Monday 3 December 2018

Baby Blogging: Mum Guilt!

For years I have heard the term 'Mum guilt' and always associated it with working Mum's feeling like they weren't around enough for their kids. However I am at home or with Annabelle almost 100% of the time and I still suffer from Mum guilt.

I have therefore concluded 'Mum guilt' is so much more than just a lack of time or attention.

From the moment we knew we were pregnant I worried. I worried about staying pregnant. I worried about eating the right diet to make sure Annabelle would be healthy. I worried if we were singing/talking to her enough to help her develop. I worried about getting sick as I didn't want to take meds that could impact the growing baby. I worried about anything and everything and as Laura frequently pointed out that worry wasn't helping anyone, let alone Annabelle.

Then when Annabelle arrived I breathed a sigh of relief. Our baby girl was healthy and happy and my job as baby carrier was done.
Okay I'm still a baby carrier.....if only it was always this easy to protect her
Then came the 'health check' and her heart had a slight murmur so they wanted to keep us in longer. I felt guilty. Thankfully it cleared up and was put down to the valve taken a little longer to close, a very common thing. My guilt subsided and I focused on learning how to be a Mum.

We had a brief few weeks of having nothing to worry about except keeping Annabelle alive and maybe through tiredness or new Mum bliss I stopped feeling guilty.

At 6 weeks we had a hip scan scheduled as Annabelle was breech, which can cause hip development issues. The first scan was terrible. Annabelle cried throughout and I was scolded for not having a dummy - despite never having used one! The results showed her hips weren't settled in the right place. I felt guilty.

Two weeks later we returned and the scan went better, the nurse was nicer and the results were positive. Her hips were finally settled and we were discharged.

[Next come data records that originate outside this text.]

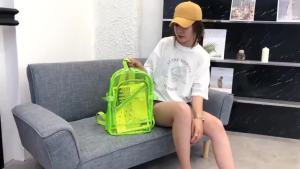 Fashion Transparent Backpack Waterproof PVC Clear Plastic Daily Mini Teenager Girls Notebook School Bag
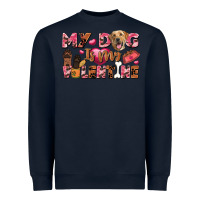 Navy my dog is my valentine Heavyweight Sweatshirt - FaDigitalArtStudio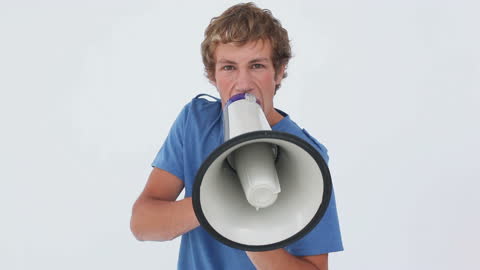 Man Using Megaphone for Loud Announcement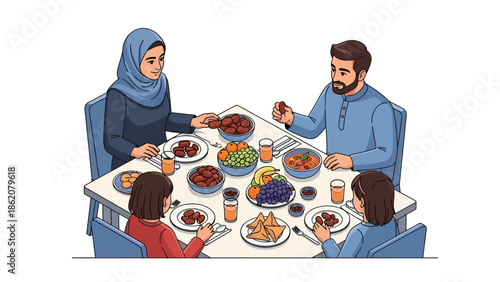 Family enjoying iftar together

Nothing wrong we these legs..or hips!
At 8 weeks we discussed the possibility that Annabelle might have jaundice and were referred to the prolonged jaundice clinic at Birmingham Women's. The first trip was to have bloods, they came back showing that there was low level jaundice and wanted us back in two weeks. We went back and again the jaundice was still there, at a low level but they were worried it may be liver related. They wanted us back for more tests. The guilt was awful. Every blood test involved Annabelle screaming like we had never heard. It was a long process of getting 8 separate samples and it was horrendous. It took every fibre of my being not to stop it and leave.

A little off colour
The third test was the worst. They took the bloods from her hand instead of foot and it was a blood bath! The poor girl was throwing herself around while screaming and the poor doctor who was trying to catch the blood was holding on as much as he could. It was a 10 minute process that left us all drained.

Giving the doctor a smile after the tears!
The conclusions were that the jaundice is now gone but Annabelle has low cortisol levels so we need to head to Birmingham Children's Hospital for a synacthen test where they will take numerous bloods over a 3-4 hour period. I have sobbed with the thought and the guilt keeps me awake. I would swap places with her in a heartbeat. Not being able to explain to her whats going on is awful and nothing seems to comfort her. At the first test I could feed her after and she'd be fine. At the last test she continued crying for 10 minutes after despite my best efforts.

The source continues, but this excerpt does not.